El excelente texto plantea un acercamiento a esa figura como un todo, donde las formas expresivas a las que apela son sólo una circunstancia genérica para ahondar en ejes estructurantes: la literatura, el cine y el sexo. Beltzer indaga en la desmesura de su querido personaje y en su escritura tiene el desparpajo con que decide tratar la corporalidad y la gestualidad. Cuando habla de sexo aborda la identidad entre algunos tópicos recurrentes, en el afán de interrogarse por el cariz identitario de Alvarito. Conoció al personaje y se sirve de cierta falsa argentinidad para poner en trance la sexualidad del “macho argentino” y arrasar con algunos mitos.

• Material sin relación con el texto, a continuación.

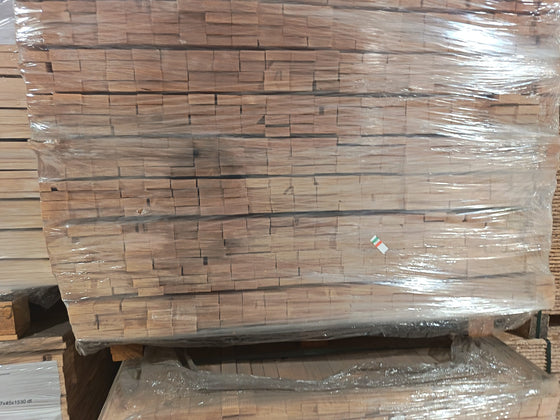 Liteau épicéa - 17x32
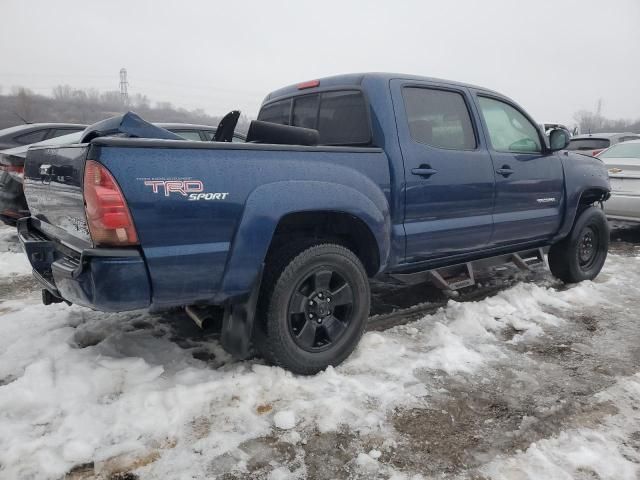 2007 Toyota Tacoma Double Cab Prerunner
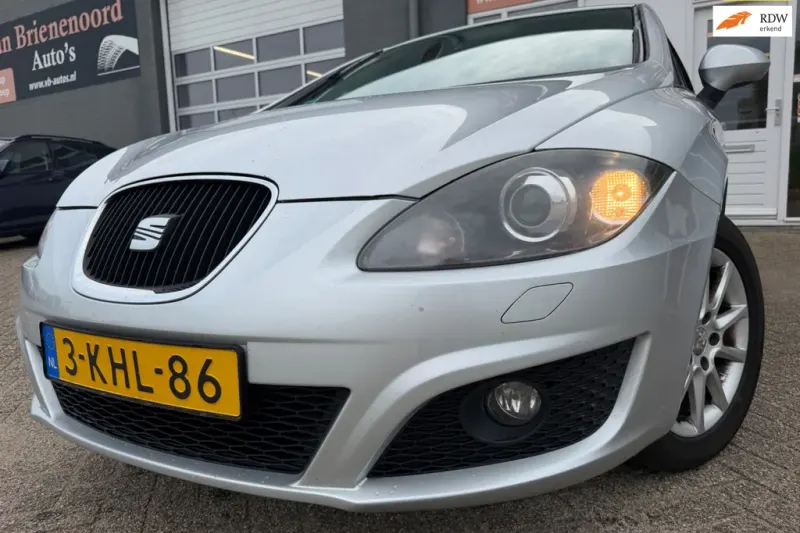 SEAT Leon (2013)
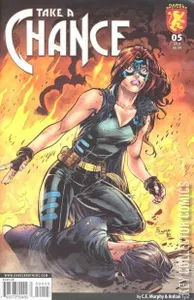 C.E. Murphy's Take A Chance #5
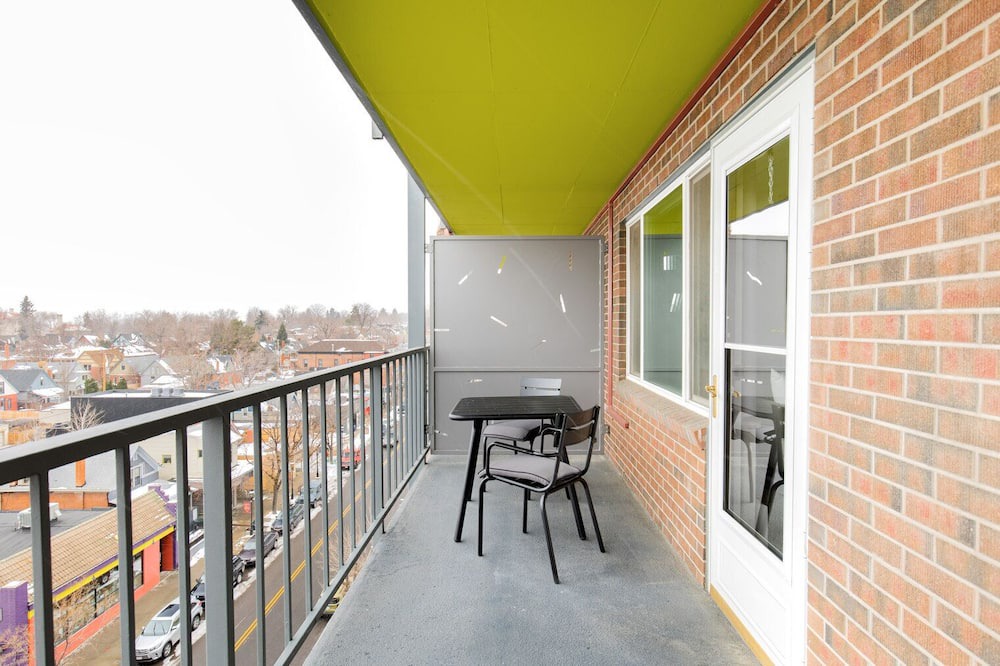 Photo of Patio Balcony in West Highland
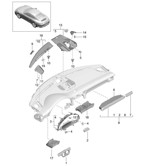 Body 991 (911) MK2 2016-2018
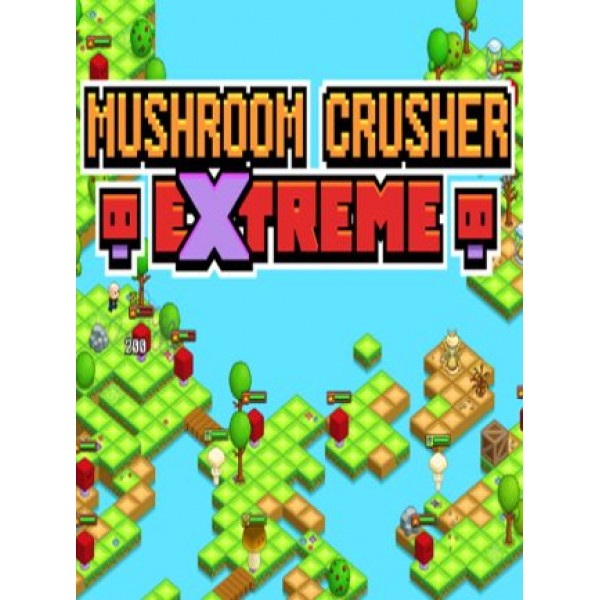 Mushroom Crusher Extreme Steam Gift GLOBAL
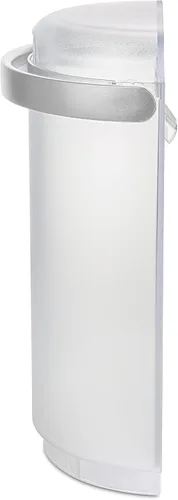 Miniatura 5 de Depósito de agua de repuesto para Keurig K-Café Single Serve Coffee Latte & Cappuccino Maker (mango negro)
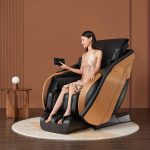 DCore 2 - Made in Japan Ultra Premium Massage Chair w/ Oak Side Panels - Image 15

En el andamiaje de ese texto fantasioso y brillante no hay una mera apología de la homosexualidad más radical, sino un pensamiento crítico agudísimo, una suerte de radiografía de la cultura contemporánea que lo conecta con Tomas Mann -esencialmente “Muerte en Venecia”-, Luigi Pirandello -en su preocupación por el ser perdido en la multiplicidad de máscaras-, Jean Genet -con la necesidad de forzar la mentira para llegar a la verdad- y Rainer Werner Fassbinder -con la soledad, la desesperación, el miedo, la angustia, la búsqueda de la propia identidad y la aniquilación del individuo por los convencionalismos, el amor no correspondido, la felicidad soñada y el deseo tortuoso-. “Hombre quieto” es un texto con mucho humor y al mismo tiempo lacerante, un material quizás irritante para la idiosincrasia ciudadana y sus “buenas costumbres”, más aún cuando estos rasgos aparecen ligados a aspectos de la sexualidad que, aún hoy, resultan perturbadores o bien son vistos como una amenaza para el orden y la integridad social.

Humor y dolor

La obra juega permanentemente con el humor y el dolor como punta de un ovillo que será el detonante para encauzar la historia escénica. El diálogo que establece Álvaro Núñez con quienes lo rodean es asimismo la vital, seca, amarga y desoladora crónica de la soledad de los seres humanos. Se acumulan los silencios, las recriminaciones, llantos y fastidios. El cuadro que pinta el autor es una pústula abierta y le permite construir una historia en la que nadie sale indemne.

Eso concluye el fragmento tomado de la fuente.